Every so often, a public IT failure provides a reminder of why it’s important that IT folks pay attention to the little things. Just such an incident landed the state of Oregon in the news recently, when a storage upgrade went awry, causing what a state spokesman reportedly called a “catastrophic failure” that cut off the state’s storage area network from the agencies it services.

The impact of the failure was felt throughout the state. Child support payments and unemployment checks for new recipients were delayed. Employees couldn’t access email. The forestry service lost access to maps, the state’s job search portal crashed, and overnight computing processes were interrupted. In other words, it really was a catastrophic failure--the kind of nightmare scenario that IT folks dread.

Naturally, blame has to be assigned, and early indications are that the state is pointing the finger at its storage vendor, Hitachi.

But Greg Schulz, a senior advisory consultant with research firm StorageIO, said there’s plenty of blame to go around in such situations, and that the state may also want to take a look in the mirror.

“Ultimately, you--the deployer--are responsible,” Schulz said. “Did everything get outsourced to Hitachi, or did they have oversight?
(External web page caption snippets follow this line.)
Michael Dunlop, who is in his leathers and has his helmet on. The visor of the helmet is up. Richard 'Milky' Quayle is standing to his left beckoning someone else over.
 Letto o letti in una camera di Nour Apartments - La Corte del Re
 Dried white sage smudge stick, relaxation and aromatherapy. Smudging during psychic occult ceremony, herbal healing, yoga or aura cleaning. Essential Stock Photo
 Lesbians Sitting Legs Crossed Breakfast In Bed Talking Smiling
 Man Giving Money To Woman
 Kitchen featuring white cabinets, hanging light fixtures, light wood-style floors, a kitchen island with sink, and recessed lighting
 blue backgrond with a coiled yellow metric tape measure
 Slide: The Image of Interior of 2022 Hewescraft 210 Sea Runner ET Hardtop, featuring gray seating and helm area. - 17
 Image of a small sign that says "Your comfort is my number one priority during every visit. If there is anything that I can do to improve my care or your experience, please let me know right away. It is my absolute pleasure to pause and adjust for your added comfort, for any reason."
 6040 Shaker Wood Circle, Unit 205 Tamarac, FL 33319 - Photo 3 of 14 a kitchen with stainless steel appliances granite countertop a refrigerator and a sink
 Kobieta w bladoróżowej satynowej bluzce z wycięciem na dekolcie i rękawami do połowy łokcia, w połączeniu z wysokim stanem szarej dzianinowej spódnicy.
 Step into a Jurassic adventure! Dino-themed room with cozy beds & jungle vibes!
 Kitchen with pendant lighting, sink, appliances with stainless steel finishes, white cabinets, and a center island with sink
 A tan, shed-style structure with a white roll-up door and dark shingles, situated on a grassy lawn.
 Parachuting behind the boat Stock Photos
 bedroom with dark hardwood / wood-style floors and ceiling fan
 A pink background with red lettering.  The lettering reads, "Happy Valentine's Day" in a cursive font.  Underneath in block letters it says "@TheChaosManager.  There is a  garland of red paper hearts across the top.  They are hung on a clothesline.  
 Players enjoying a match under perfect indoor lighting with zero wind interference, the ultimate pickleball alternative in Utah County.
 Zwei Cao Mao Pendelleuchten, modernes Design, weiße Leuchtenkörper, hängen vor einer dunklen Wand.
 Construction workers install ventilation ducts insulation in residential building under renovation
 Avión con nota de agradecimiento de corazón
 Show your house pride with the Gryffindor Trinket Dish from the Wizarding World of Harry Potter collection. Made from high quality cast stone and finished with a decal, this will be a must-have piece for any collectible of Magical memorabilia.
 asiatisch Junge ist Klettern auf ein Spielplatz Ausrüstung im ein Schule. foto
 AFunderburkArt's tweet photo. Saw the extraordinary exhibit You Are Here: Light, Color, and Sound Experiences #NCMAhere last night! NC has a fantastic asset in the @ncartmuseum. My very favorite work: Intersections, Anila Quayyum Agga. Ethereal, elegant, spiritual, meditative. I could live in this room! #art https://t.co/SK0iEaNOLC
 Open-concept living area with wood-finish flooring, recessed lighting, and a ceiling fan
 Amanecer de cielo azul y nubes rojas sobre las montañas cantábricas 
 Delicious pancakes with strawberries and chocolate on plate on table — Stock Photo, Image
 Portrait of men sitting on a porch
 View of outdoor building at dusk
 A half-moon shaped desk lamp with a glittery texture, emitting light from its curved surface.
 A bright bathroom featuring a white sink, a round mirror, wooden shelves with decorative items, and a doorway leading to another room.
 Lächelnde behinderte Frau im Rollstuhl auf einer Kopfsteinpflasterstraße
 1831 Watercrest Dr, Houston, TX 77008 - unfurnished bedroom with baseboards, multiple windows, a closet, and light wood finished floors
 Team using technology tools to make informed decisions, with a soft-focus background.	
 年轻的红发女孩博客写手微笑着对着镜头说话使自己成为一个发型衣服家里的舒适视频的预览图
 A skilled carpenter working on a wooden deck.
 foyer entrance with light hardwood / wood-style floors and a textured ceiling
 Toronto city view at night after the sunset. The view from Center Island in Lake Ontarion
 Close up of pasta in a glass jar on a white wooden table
They have to do a post-mortem, address how it happened, how it could have been prevented, and look at what their options are.”

Schulz also said there’s an opportunity to learn from the storage fiasco--both for the state of Oregon and for IT departments everywhere. One of those lessons, he said, is to always have contingency plans in place.

“Fundamental IT 101 is that all technology will fail, despite what the vendors tell you,” Schulz said. And the most likely time technology will fail, he notes, is when people are involved--doing configurations, making changes or updates, or performing upgrades.

[Get tips on how to shake up your continuity training in "Creative Tests for Your Business Continuity Plan."]

The prospect of such failures should motivate organizations to perform more due diligence when buying and deploying storage and other infrastructure technology so that they can minimize potential damages. Specifically, there are three steps organizations should take, according to Schulz:

• When making buying decisions, companies should think hard about how they’re going to use new tools. Businesses that jump into a technology purchase without thinking through use scenarios may run into problems down the road.

• Vendors might say they can address any issues online, but Schulz suggests asking them to put you on the phone with another customer under a non-disclosure agreement before making a purchase so you can candidly ask what to expect when things don’t go quite right.

• Be clear about the availability you require from each of your applications, and make sure you replicate the ones with high-availability requirements in a parallel system to protect them from inevitable failures.

Schulz suspects that Oregon could have minimized the damage of its recent incident if it had ensured higher availability for its services in the event of failure. Rather than throw its vendor under the bus, he said, the state should focus on answering a fundamental question as it troubleshoots its storage area network: How could this have been prevented?

The simple act of asking such questions could mean that Oregon reduces a future large-scale failure to a relative blip.

“You need to isolate and contain faults to prevent them from becoming a disaster,” Schulz said. “If anything can happen, it will. If there is that chance that it can happen, you mitigate it.”